La première phase de la révolution industrielle a entraîné la vision grandiose et terrifiante d’Henri de Saint-Simon. Il voulait confier la direction du monde aux banquiers et aux industriels. Il se méfiait de ces professionnels de la politiques qu’étaient les monarques. Et, enfant d’un âge où le suffrage censitaire dominait encore, il ne croyait pas à la démocratie. Saint-Simon a inspiré....Louis-Napoléon Bonaparte, sous l’autorité politique de qui la France a véritablement basculé dans l’ère industrielle. Puis, la IIIè République a continué l’oeuvre de l’Empire et fait de la France une grande puissance financière. Comme Saint-Simon, Peter Thiel se prend pour un visionnaire de la politique et il juge son expertise supérieure à celle des politiques. Mais ne soyons pas dupes. Henri de Saint-Simon était un extraordinaire lobbyiste, avant d’être un théoricien. Peter Thiel s’est révélé très « politique » en faisant le pari, contre ses camarades de la Silicon Valley, de la victoire de Trump. Vous parlez de Macron: je ne suis pas sûr de partager votre point de vue; Il ne me semble pas que le nouveau président français soit aussi « accro » aux experts que ses prédécesseurs. Il a certes le profil du parfait technocrate de par sa formation; mais un tempérament éminemment politique. Et il est sensible au décalage entre l’expertise traditionnelle et le développement des nouvelles technologies. Il est certainement plus ennuyé de ne pas avoir, en France, d’interlocuteurs du niveau d’un Peter Thiel ou d’un Elon Musk dans les nouveaux secteurs industriels. D’où la mission confiée à Cédric Villani: il s’agit de doter la France d’une capacité en recherche dans le domaine de l’Intelligence Artificielle et de la Science des Données qui permette une éclosion semblable à celles qu’ont produites les clusters américains du numérique.

​Que peut on en anticiper du point de vue de la démocratie libérale ? 

Dans toutes les phases de la révolution industrielle, les grands capitaines d’industrie, surtout les pionniers, ont rarement fait de la démocratie leur priorité.
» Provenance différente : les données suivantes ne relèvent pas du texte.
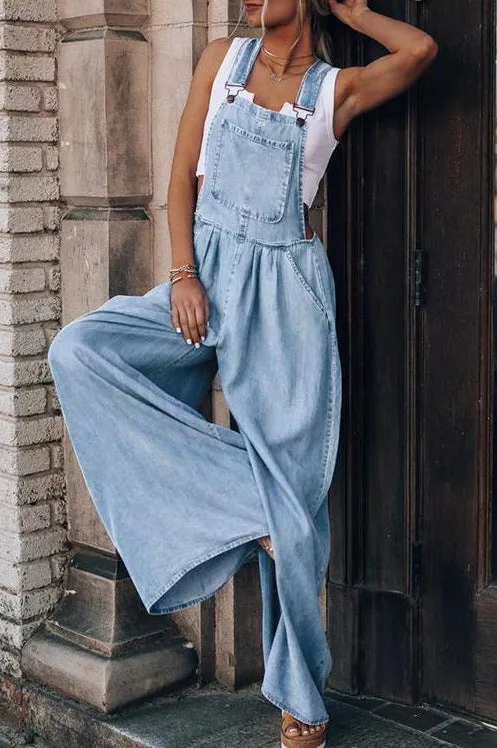 Loose Denim Pockets Strap Elastic Waist Overalls Jumpsuits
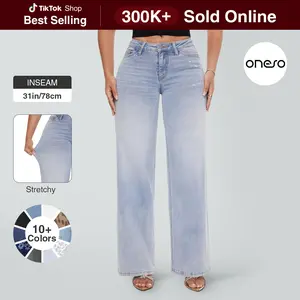 Magic ONESO Stretchy BBL Jeans Mid-low Rise Wide Leg Baggy Jeans Distressed Denim Pants Comfortable Tummy Control Curve Hugging Plus Size Regular Size Street Outfit Spring Fashion 8001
Les premiers capitaines d’industrie anglais s’accommodaient très bien du suffrage censitaire et de l’absence de poids électoral du prolétariat naissant. Beaucoup de grands industriels allemands regrettaient, dans les années 1920, la période wilhelmienne et ils ont rejoint Hitler dans les années 1930. Vous occupez une bibliothèque entière à décrire la manière dont l’élite industrielle et financière américaine a largement transformé la république en oligarchie depuis les années 1890. Peter Thiel a révélé dans de nombreuses déclarations que ses convictions libertariennes revenaient à vouloir substituer Google à l’Etat américain, PayPal à l’IRS. Or nous pouvons parier que les pionniers de la nouvelle révolution industrielle seront démentis par les faits comme leurs prédécesseurs. Thiel reproche à la NSA de ne penser que « big data » et d’oublier la dimension qualitative de l’information. Mais les GAFA buteront sur la même aporie. L’information est si abondante et universelle que la meilleure façon de l’utiliser est qualitative et locale. La révolution de l’information dans laquelle nous sommes entrés donne l’avantage, à terme, aux petites structures, les plus adaptables à la nouveauté. Les GAFA imposent une centralisation de l’information qui a permis leur croissance et leur installation en position de monopole; mais elle n’a pas de nécessité à long terme. Au contraire, leur monopole sera brisé au profit d’une gestion toujours plus décentralisée de l’information. Ce sera la revanche des petites communautés et le retour de la démocratie.